Con la que está cayendo y probablemente por eso, la Mesa del Congreso ha dedicado dos resoluciones al importante asunto de sor Maravillas. La primera para acordar la erección, con perdón, de una placa conmemorativa de la vida y muerte de una monja desconocida en el Congreso y la segunda, obviamente, para desdecirse del despropósito.
Reconozco la ignorancia en materia de santoral y miscelánea conventual. No tenía ni tengo idea de quien fue esta señora ni los méritos que la adornan para subir a los altares de la Iglesia Católica. Todo eso carece de interés.
En fin, no creí que llegaría a ver esto en la España aconfesional. En las iglesias, recintos privados e incluso públicos, por no exagerar, parece comprensible instalar efigies y demás estampas.
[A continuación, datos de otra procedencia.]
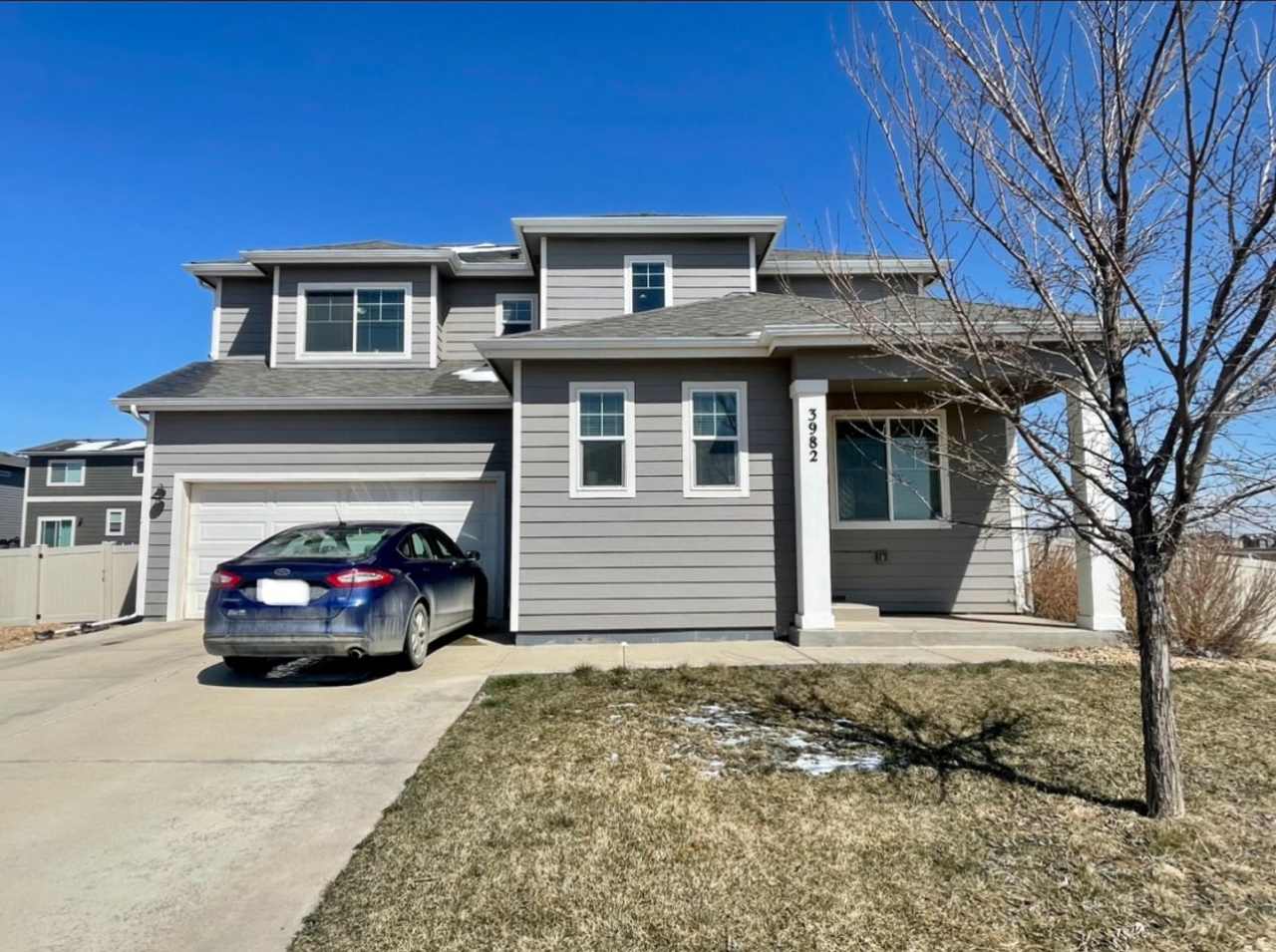 Charming 3 Bed 2.5 Bath House in Wellington!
Ya se sabe que en España a nada que se haga algo especial te ponen una placa. Pero en el Congreso, en el lugar en que la ley consagra el pluralismo civil. En el espacio más solemne de un estado aconfesional hay que desvariar mucho para pensar que se puede poner un cuadro a esa monja entre próceres civiles españoles que han escrito páginas de la historia de España.
Los símbolos religiosos ocupando espacios civiles que albergan a la representación plural de la ciudadanía sobran. La religión y las creencias que la sustentan pertenecen al estricto ámbito privado.
Pasar la religión al ámbito de lo público y de lo oficial es discriminar en razón de fe religiosa. Sobran los crucifijos en las escuelas públicas. Es grotesco que otro presida la mesita de la Constitución cuando prometen sus cargos los ministros. Jurar por Dios cumplir con los deberes de un cargo público civil es juntar churras con merinas, debería excluirse de las fórmulas protocolarias. Y en esto no hay derechas ni izquierdas. Es cuestión de respeto. La religión, insisto, es un asunto privado aún más, íntimo. Y resulta casi obsceno exhibirlo impúdicamente en público y frente a un público que no tiene que practicar obligatoriamente un rito religioso. Y va también por las procesiones y los pregones.